Поп пригорюнился, призадумался, его и без того невеликое нелепое лицо стало походить на засохшую сливу.

– Пришел час нам крепко сгадать, как привлечь в церковь крестьян, – предложил Варфоломей.

«То твоя забота: ты – поп, ты и думай!» – решил про себя уставший от нелегкой беседы Василько.

– Это не только мне пригоже, но и тебе облегчение. Чем больше Бога будут славить, тем усерднее володетеля станут почитать, – рек прозорливый поп.

«Верно молвит, пакостник!» – мысленно согласился с ним Василько. Поп подался в сторону Василька грудью и чуть ли не зашептал:

– Мыслю я своим умишком: нужно на Рождество братчину учинить. Крестьянин церковь посетит, затем за стол сядет, поднимет первую чашу за Христа, последнюю за Богородицу. Пусть Рождество славит, а не бесовским козням предается, пусть в приделе храма восседает, а не подле него дрекольем бьется, пусть божественных словес послушает, а не скоморошье поганское пение, пусть молитву сотворит, но не изрыгнет скверное слово. За первой братчиной сотворим другую, за другой – третью, и потянутся крестьяне на церковный двор, забудут о капище.

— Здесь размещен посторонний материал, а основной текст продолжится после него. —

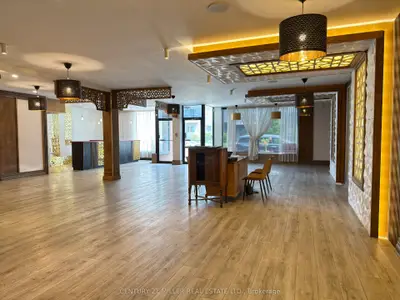 438 Kerr Street 5, Oakville, On L6k 3c4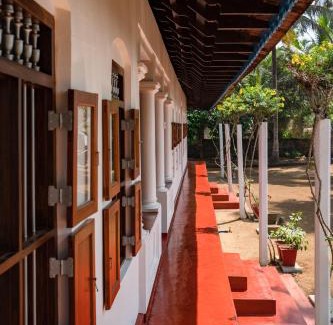 Alappuzha House | Kuttanad Kayak Club by Lexstays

– Кто братчину учинять будет? – спросил насторожившийся Василько.

– Староста Дрон с крестьянами (я о том с ними перемолвлюсь), и моя худость без дела не останется: придел уберу, столы и лавки расставлю, светильники зажгу. – Поп замялся, настороженно посмотрел на Василька, виновато улыбнулся и брякнул: – Ты бы пожаловал жита и борова, чтобы братчина весела была.

«Мне эта братчина боком выйдет. Попу, кроме белок и куниц, еще питие и брашна потребовались. И ведь не откажешь… Коли откажешь – ославит на всю округу. Чтоб тебя скривило, чтоб тебя медведь загрыз, чтоб у тебя бородавка на языке выросла!.. Попомни: вот улажу с Воробьем и за тебя крепко возьмусь!» – гневно размышлял Василько. Он тяжело вздохнул, покривился, как от зубной боли, и нехотя молвил:

– Жалую на братчину кадь жита да двух баранов, а борова не дам, хворый он.

Впрямь тяжек выдался день для Василька.